- _Problem statement_
Exactly the lines from the one containing "Helle 1 Zimmer Wohnung" through the end of the records must be reproduced; leave out all pictures.

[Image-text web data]

# # # #

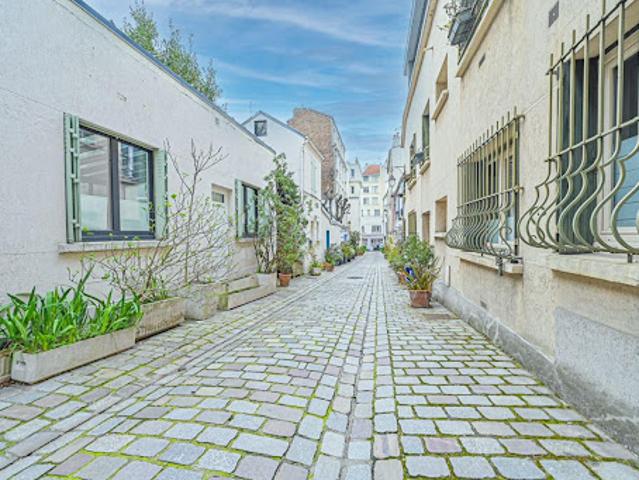 Maison vente à Paris, Île-de-France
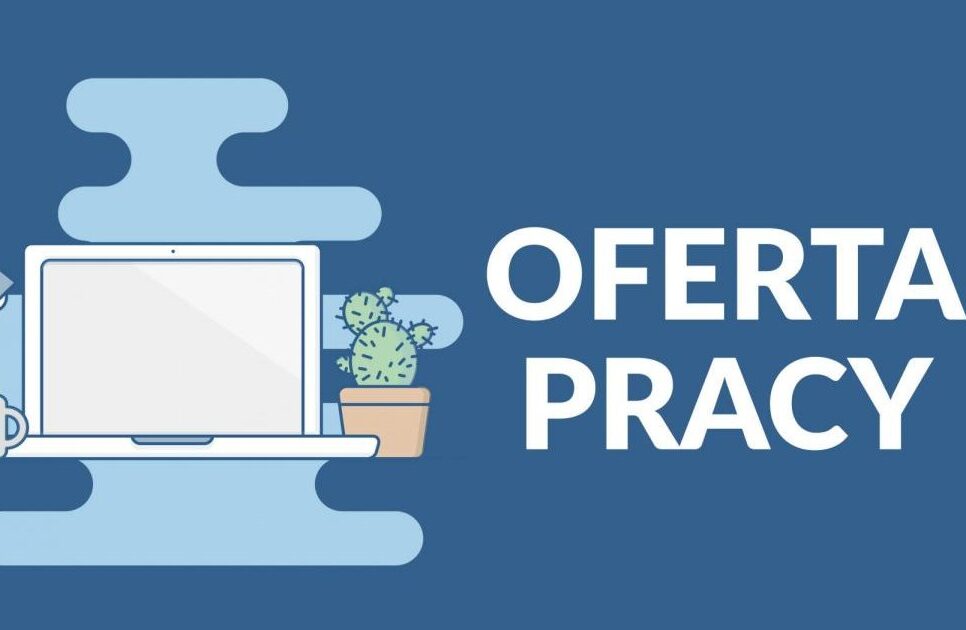 Oferta pracy. Gorlice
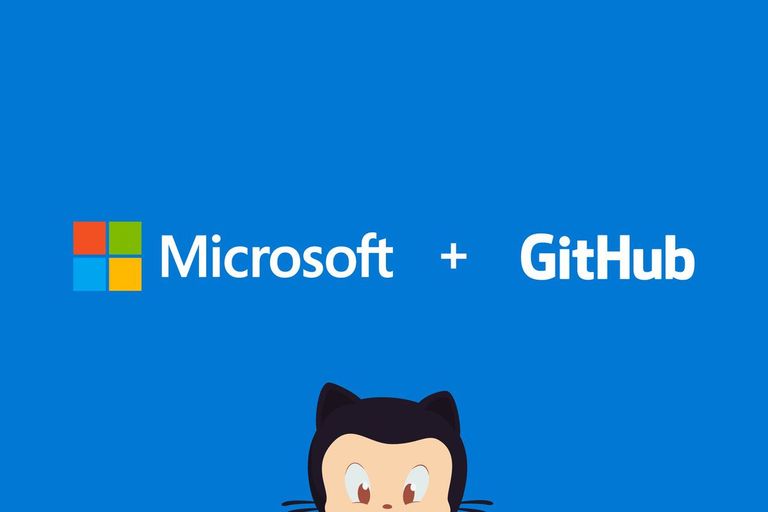GitHub  مايكروسوفت و GitHub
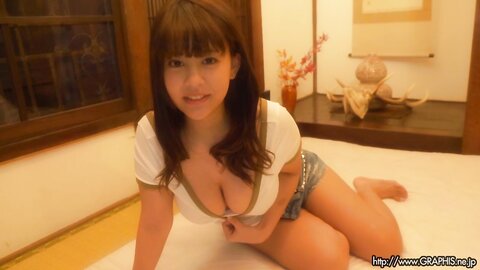 Graphis Gals - Shion Yumi 夕美しおん 『 Corpo minimo』 2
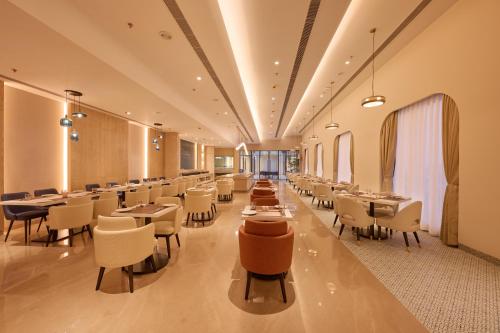skywings sarovar portico mathura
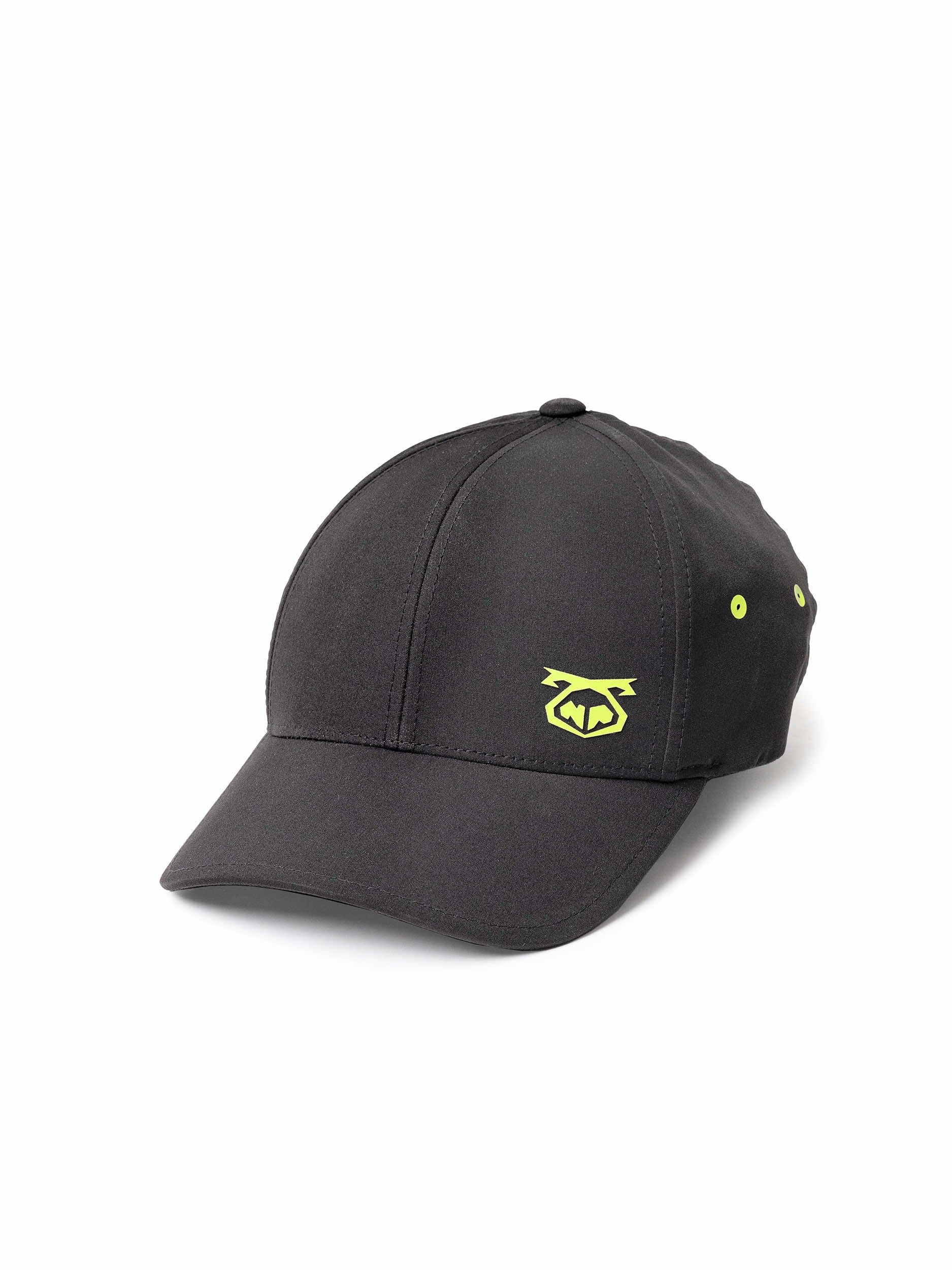 Nasty Pig Voltage Cap Black/Acid Lime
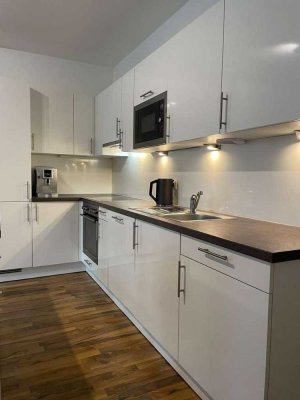 Helle 1 Zimmer Wohnung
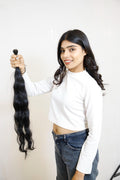 Nano Tip Hair Extensions – 100% Remy Human Hair | Invisible Bead Extensions for Natural Look & Lightweight Feel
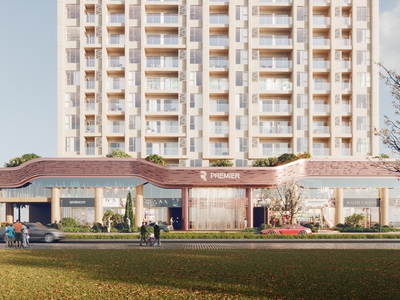 Căn Hộ Cao Cấp Mặt Biển Gây Hot Nhất Quảng Bình Regal Premium thuộc KĐT Regal Legend, Đã sổ lâu dài 2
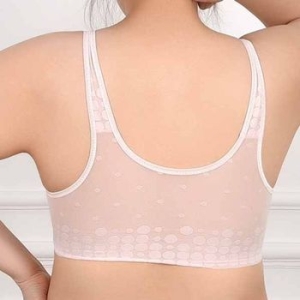 쏘로사떼 풀컵 VMFM7693 포인트 매쉬망사 노와이어 도트 BR1707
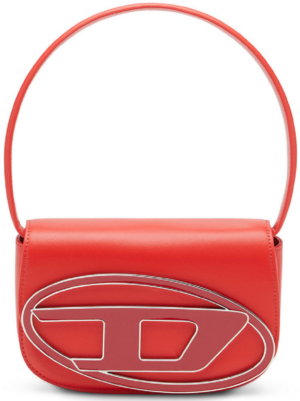 Tui Diesel 1DR Nappa Leather 'Red' X08396PR818-T4031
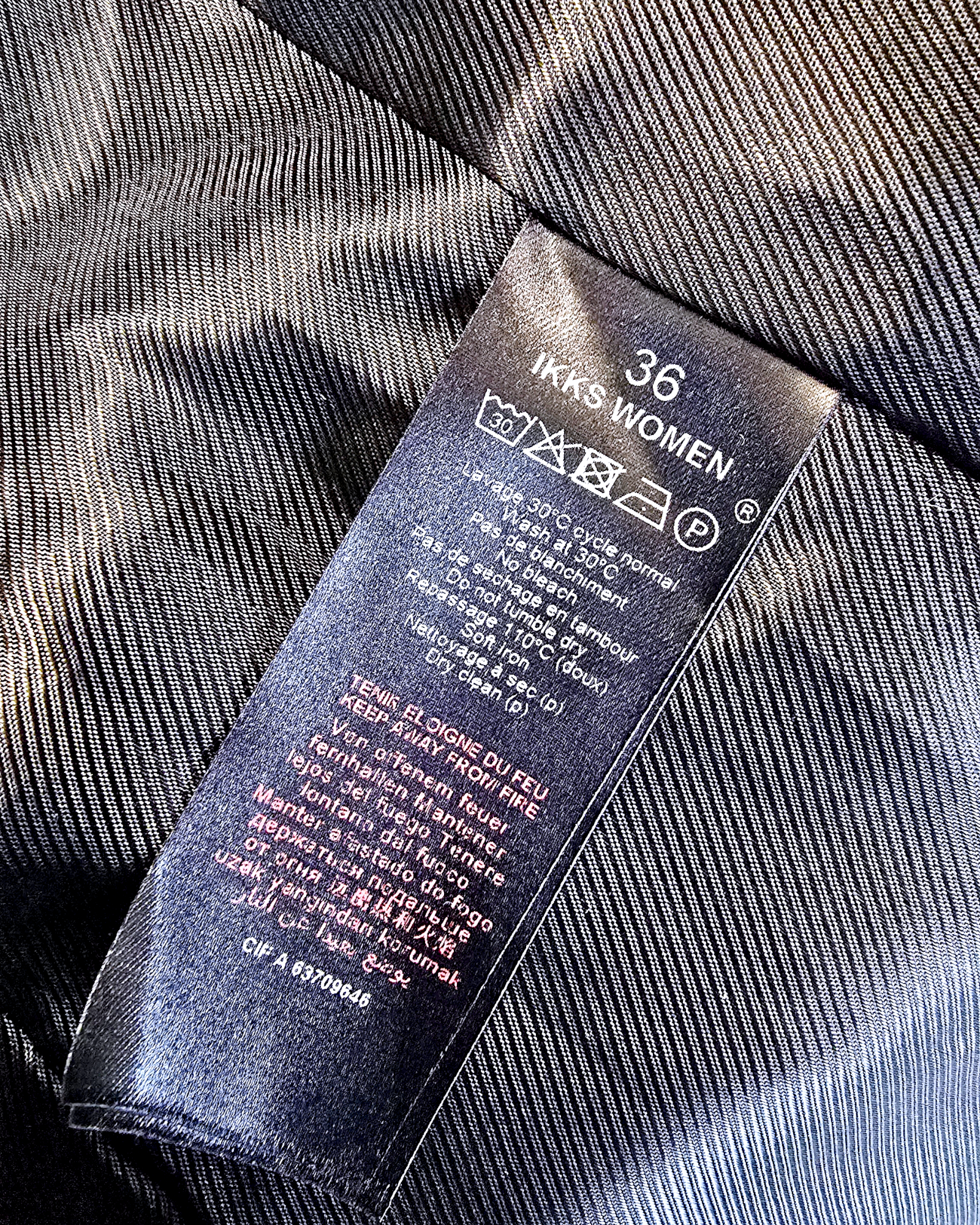 Veste velours ras à imprimé léopard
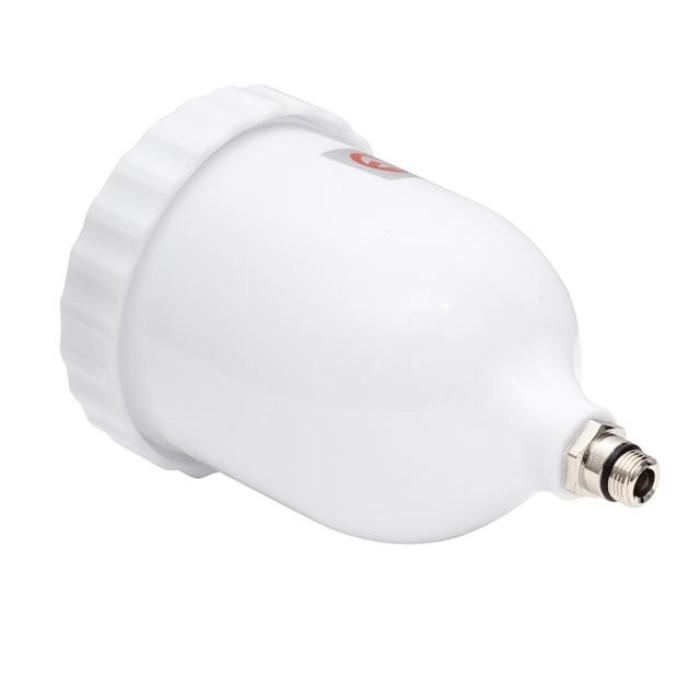 Бачок пластиковий із зовнішнім різьбленням 600 мл, 14x1,25 INTERTOOL PT-1902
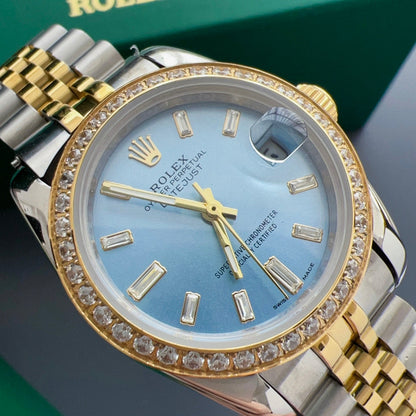 Rolex mechanical watches
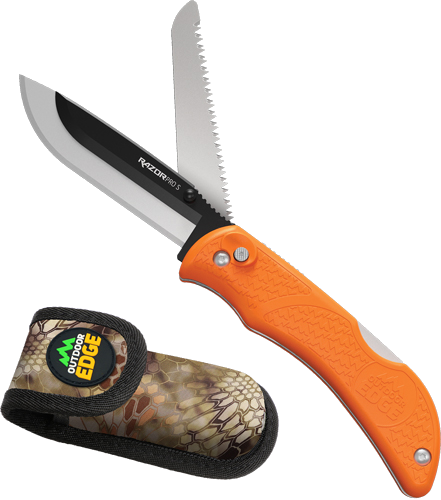 Outdoor Edge Razor Pro 3.5"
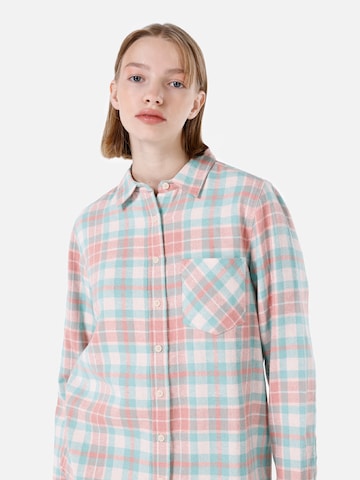 Colin's Blouse in Pink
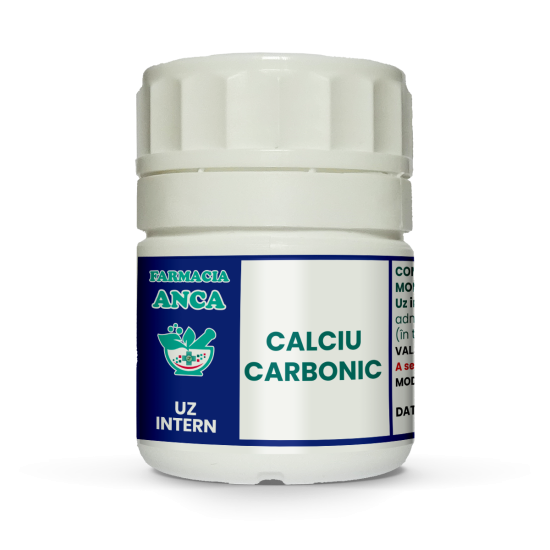 Calciu carbonic | 50gr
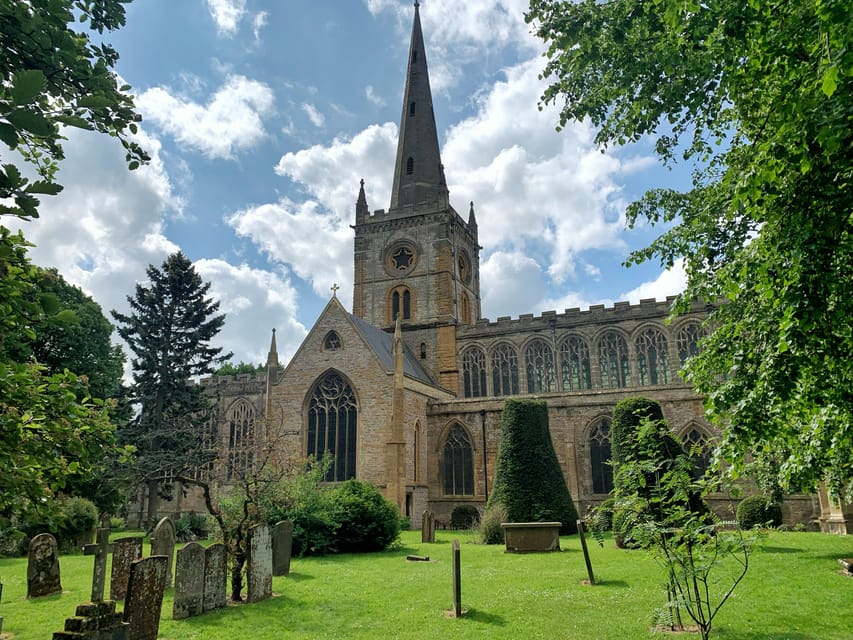 From Cambridge: Guided day trip to Stratford & The Cotswolds - Price and what you are really getting for $183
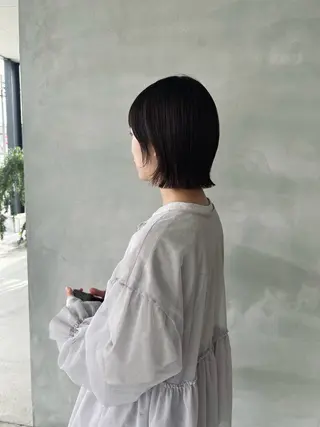 ミディアム hale所属・@hale_ airiのヘアスタイル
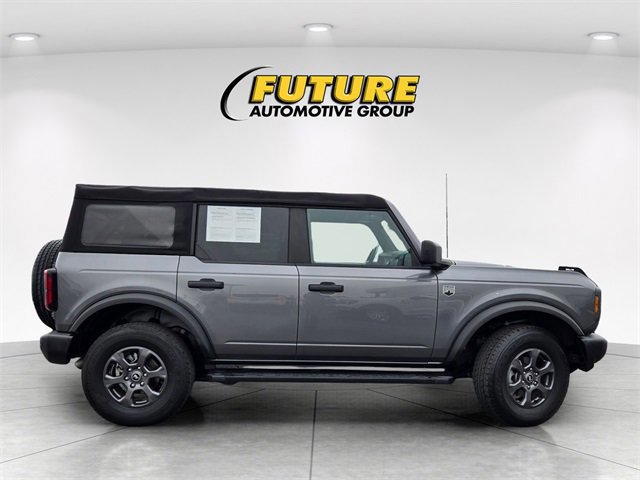 Certified 2023 Ford Bronco Big Bend image 3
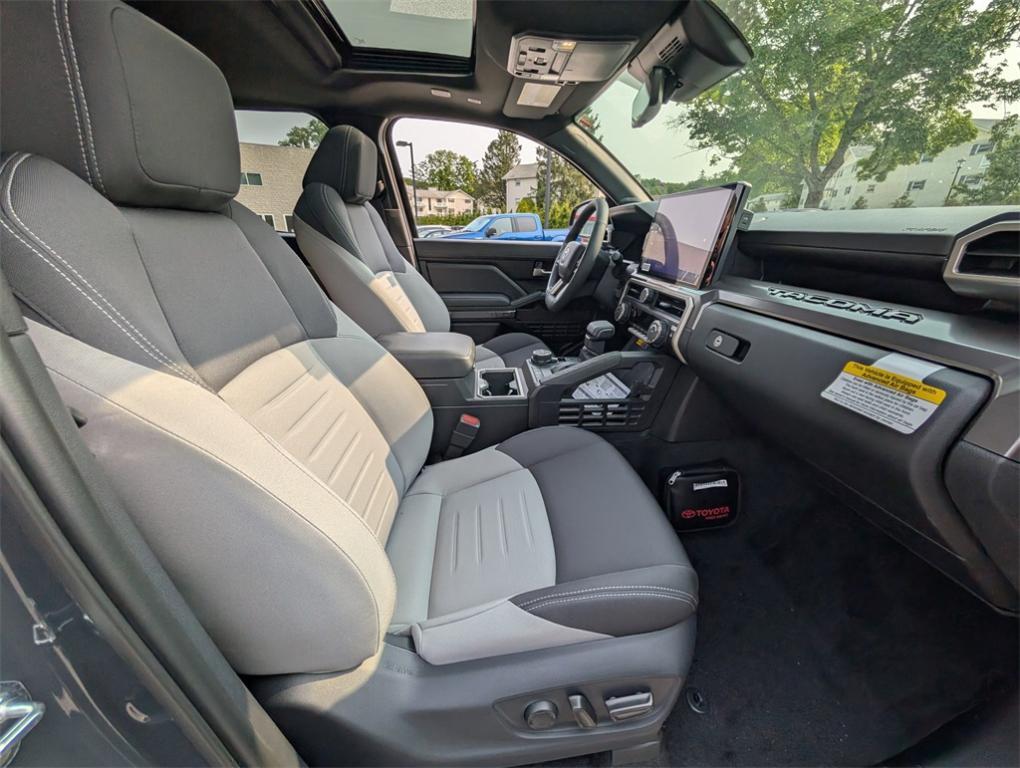 new 2025 Toyota Tacoma Hybrid car, priced at $54,534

# # # #

- _Exercise output_
 Helle 1 Zimmer Wohnung
 Nano Tip Hair Extensions – 100% Remy Human Hair | Invisible Bead Extensions for Natural Look & Lightweight Feel
 Căn Hộ Cao Cấp Mặt Biển Gây Hot Nhất Quảng Bình Regal Premium thuộc KĐT Regal Legend, Đã sổ lâu dài 2
 쏘로사떼 풀컵 VMFM7693 포인트 매쉬망사 노와이어 도트 BR1707
 Tui Diesel 1DR Nappa Leather 'Red' X08396PR818-T4031
 Veste velours ras à imprimé léopard
 Бачок пластиковий із зовнішнім різьбленням 600 мл, 14x1,25 INTERTOOL PT-1902
 Rolex mechanical watches
 Outdoor Edge Razor Pro 3.5"
 Colin's Blouse in Pink
 Calciu carbonic | 50gr
 From Cambridge: Guided day trip to Stratford & The Cotswolds - Price and what you are really getting for $183
 ミディアム hale所属・@hale_ airiのヘアスタイル
 Certified 2023 Ford Bronco Big Bend image 3
 new 2025 Toyota Tacoma Hybrid car, priced at $54,534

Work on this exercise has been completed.